From our simulations, we find that the power to detect selection is similar between the de novo and standing genetic variation regimes (model M1; Figure 4; Figure S6A), likely as a result of only considering loci for which the derived allele was not lost. This particularly affected the de novo case, under which the derived allele was lost in most simulations. Indeed, this is in line with theoretical expectation (Olson‐Manning et al., 2012) and supports the notion that most empirical cases of local adaptation attribute selection of advantageous alleles to arise from standing variation (Jones et al., 2012; Lai et al., 2019; Reid et al., 2016). To clearly distinguish between these regimes, additional information on the evolutionary history of the system such as allele age, mutation rate or supplementary phylogenetic information is required (Peter et al., 2012).

4.2. Comparison to existing methods

LSD’s power to detect selection is comparable with that of pcadapt and outflank under the simple model M1, but strongly outperforms these alternatives under the more complex model M4. These results appear to hold regardless of whether prior knowledge of model parameters is confidently known for LSD, as LSD exhibits similar performance under the ideal “fixed” and realistic “free” parametrizations. This suggests that the methods pcadapt and outflank utilize to address population structure, namely PCA and an implicitly modelled F ST null distribution, respectively, are sufficient to control for the effects of relatively simple demography, but insufficient to capture more complex demographies. By modelling complex demographies explicitly, LSD is less affected by model complexity, though this extra power comes with some costs.

First, a demographic model needs to be specified that appropriately describes the neutral genetic variation of the system, allows for inferences of selection through changes in demographic parameters (e.g., NE or ME), and is sufficiently simple to remain computationally tractable. A preliminary analysis of model choice may therefore constitute a prerequisite to successfully recapitulate the signal of complex evolutionary histories in the simulated data. Importantly, the model should always be validated by demonstrating that the observed data can be accurately and sufficiently captured (Figure S15).

Second, LSD remains computationally more demanding than both pcadapt and outflank. Inferring demographic parameters is generally computationally challenging as the underlying genealogies need to be integrated out numerically (Hey & Nielsen, 2007), which for complex models usually requires simulation‐based approaches such as ABC. Existing ABC approaches to infer locus‐specific parameters (Bazin et al., 2010; Kousathanas et al., 2016) are difficult to scale‐up to genome‐wide data as they require the simulation of prohibitively many loci. To circumvent this problem, LSD implements an efficient ABC approach that requires simulations of single loci only, which is possible because LSD neither attempts to infer the hierarchical distribution of locus‐specific parameters nor to obtain posterior estimates on whether a locus is affected by selection. Instead, LSD identifies loci under selection by quantifying whether locus‐specific estimates of demographic parameters are incompatible with those estimated from a set of putatively neutral loci.

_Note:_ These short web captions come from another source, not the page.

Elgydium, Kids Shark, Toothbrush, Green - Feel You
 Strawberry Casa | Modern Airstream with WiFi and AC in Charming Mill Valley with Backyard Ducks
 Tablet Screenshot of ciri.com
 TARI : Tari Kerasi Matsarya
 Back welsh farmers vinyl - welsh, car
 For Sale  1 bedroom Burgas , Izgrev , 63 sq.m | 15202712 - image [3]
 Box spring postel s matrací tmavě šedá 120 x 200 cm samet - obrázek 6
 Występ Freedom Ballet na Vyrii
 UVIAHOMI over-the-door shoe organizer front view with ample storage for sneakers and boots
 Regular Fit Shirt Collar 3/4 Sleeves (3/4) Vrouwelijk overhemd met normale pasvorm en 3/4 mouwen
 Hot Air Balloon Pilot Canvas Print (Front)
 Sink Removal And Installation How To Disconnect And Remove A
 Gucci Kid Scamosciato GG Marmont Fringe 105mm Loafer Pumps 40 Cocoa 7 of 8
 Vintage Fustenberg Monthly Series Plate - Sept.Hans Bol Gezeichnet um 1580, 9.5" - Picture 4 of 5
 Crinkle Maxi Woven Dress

The a priori identification of this neutral set constitutes the third requirement. Such a set may be informed by the particular structural or functional class the sites belong to (Williamson et al., 2005) and may for instance consist of genomic regions not linked to structural annotations. Alternatively, a more naïve strategy may rely on the whole genome or a random subset of the genome to reflect neutral diversity. Even if this assumption of neutrality is violated (Begun et al., 2007; Fay et al., 2002; Li & Stephan, 2006), we show that our method to estimate θ^ is robust to the misidentification of neutral loci, with minimal effect on power even at high percentages of up to 20% mis‐specification. We attribute this to our method of estimating θ^ as the product of per‐locus posterior densities, which amplifies the signal (density) according to majority rule.

We finally note that most widely applied genome scan methods (e.g., pcadapt and outflank) detect outliers at the SNP level, while our current implementation of LSD focuses on genomic windows. Focusing on genomic windows offers a means to aggregate information across linked loci, thereby potentially increasing power and reducing false positives from spurious signals at individual SNPs (e.g., Galimberti et al., 2020). These benefits are conditional on a choice of window size compatible with the LD decay in the system, as this maximizes the power and accuracy to capture the signal generated by selection. The LSD framework is by no means limited to genomic windows, however, and can be extended to SNP data when using an appropriate simulator and summary statistics calculator.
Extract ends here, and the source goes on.